- New practice touches M&A, cyber, sanctions
- US increases security enforcement actions
Sullivan & Cromwell is starting a national security practice as the US increasingly emphasizes corporate enforcement that overlaps with security interests.
The Wall Street law firm, with major clients JPMorgan Chase & Co., Wells Fargo & Co. and Barclays, said the new practice responds to a “sharpening” focus on national security that touches areas such as sanctions, cybersecurity and mergers and acquisitions.
“We have been seeing in recent years much greater emphasis both on the regulatory and enforcement side on national security,” Nicole Friedlander, a former federal prosecutor who helps lead the new practice, said in an interview. “What is national security? The government’s view of what it is has been expanding.”
The practice launch follows recent hires of Andrew DeFilippis and Amanda Houle, two former national security lawyers in the US Attorney’s office for New York’s Southern District. Houle led the office’s national security and international narcotics unit before joining Sullivan & Cromwell in September, according to her LinkedIn profile.
Friedlander, who co-heads Sullivan & Cromwell’s cybersecurity practice, will lead the national security group along with lawyers including Adam Szubin, a former director of Treasury’s Office of Foreign Assets Control and a member of the firm’s financial services group.
Sullivan & Cromwell, which has a long-established specialty in financial services work, finished 2023 with $1.9 billion in gross revenue and $6.3 million in profits per equity partner, both slight upticks from the prior year, according to American Lawyer data.

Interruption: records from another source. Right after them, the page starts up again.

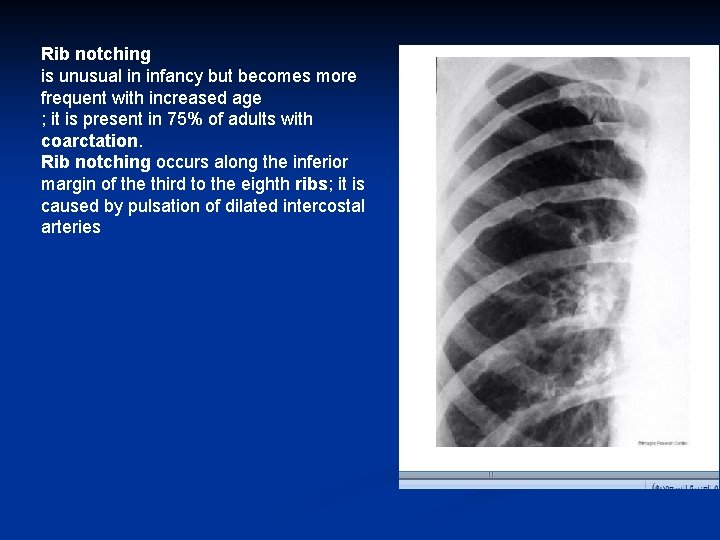 Rib notching is unusual in infancy but becomes more frequent with increased age ;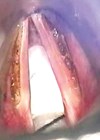 Intraoperative picture of deep LAVA on both vocal folds. 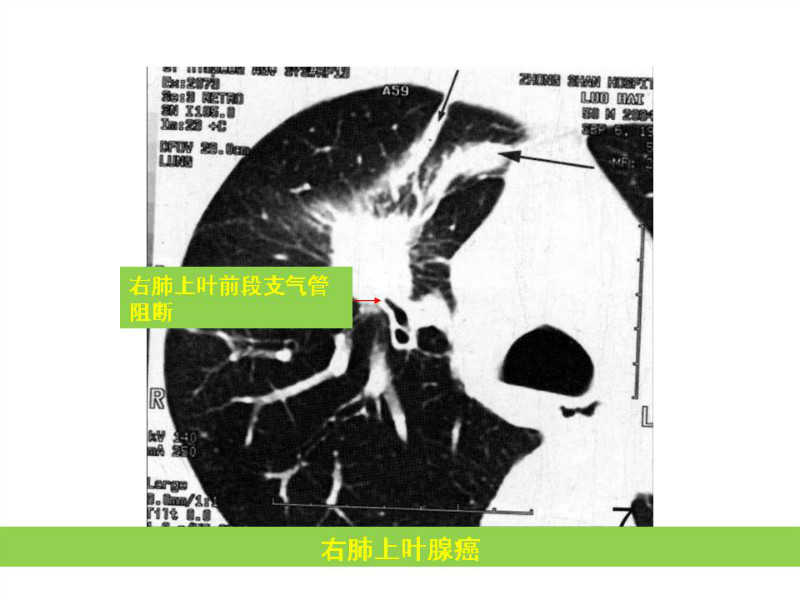 常见影像病例读片汇总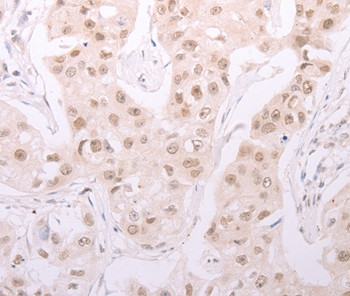 ADAM12 Antibody in Immunohistochemistry (Paraffin) (IHC (P))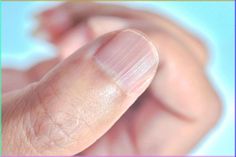 White Lines On Nails, Fingernail Ridges, Nail Health Signs, Fingernail Health, Nail Ridges, Nail Room Ideas, Nail Problems, Nail Room, Lines On Nails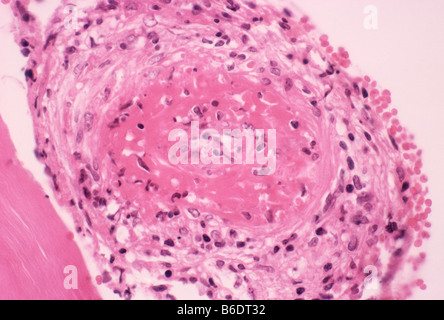 Blood clot. Light micrograph of a section through a human artery, showing a large thrombus due to cryoglobulinemia. Stock Photo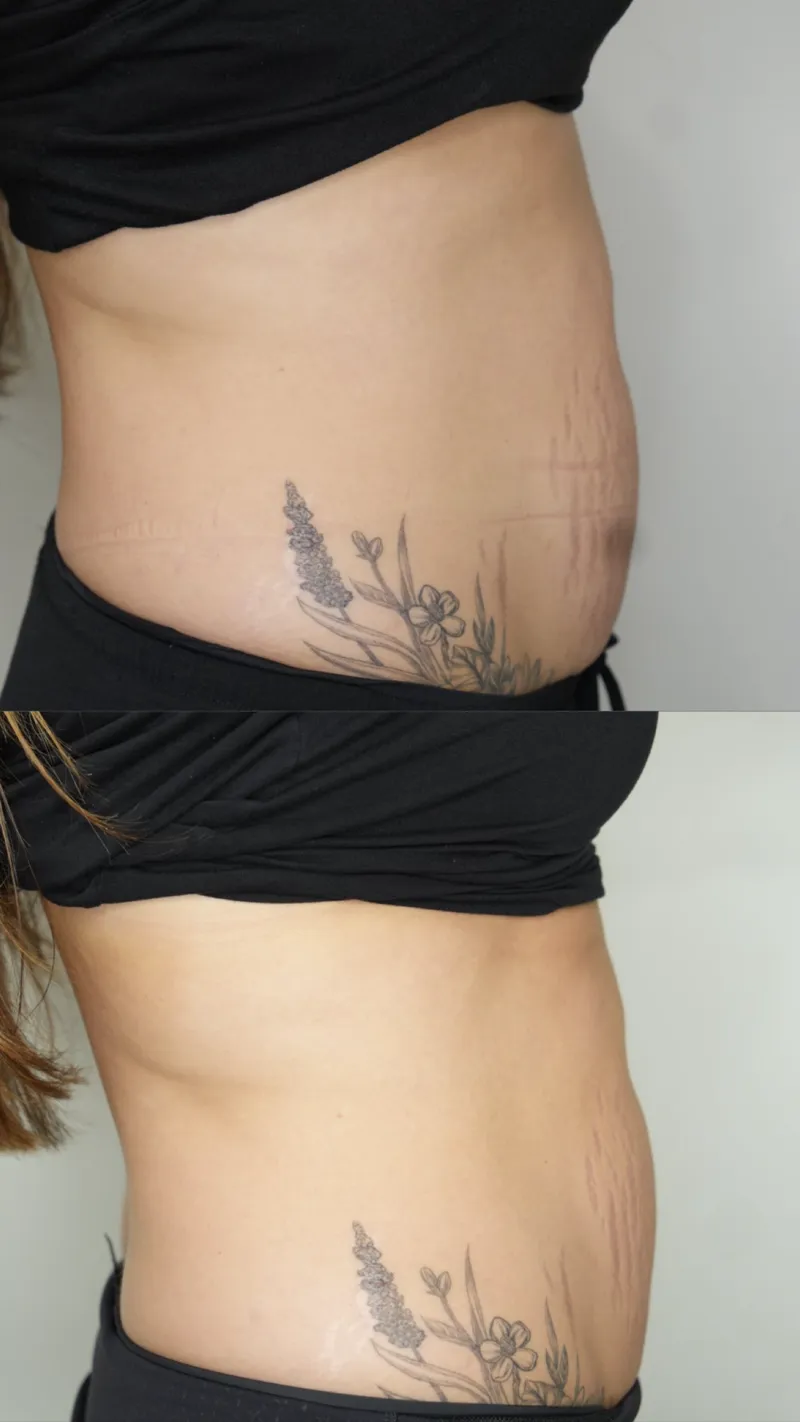 Abdominal skin tightening before (top) and after (bottom): a smoother, flatter stomach profile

The firm joins rivals positioning themselves for corporate work intersecting with national security. O’Melveny & Myers in January said it created a national security enforcement task force. Debevoise & Plimpton that month poached Rick Sofield, a former director of the Justice Department’s foreign investment review staff, from Vinson & Elkins to chair its national security group.
Deputy Attorney General Lisa Monaco in public comments last October said the Justice Department filed corporate enforcement actions to protect national security in “unprecedented numbers and unexpected industries.” She also announced the department was adding 25 corporate crime prosecutors to Justice’s national security division and increasing the number of prosecutors in the criminal division’s bank integrity unit by 40%.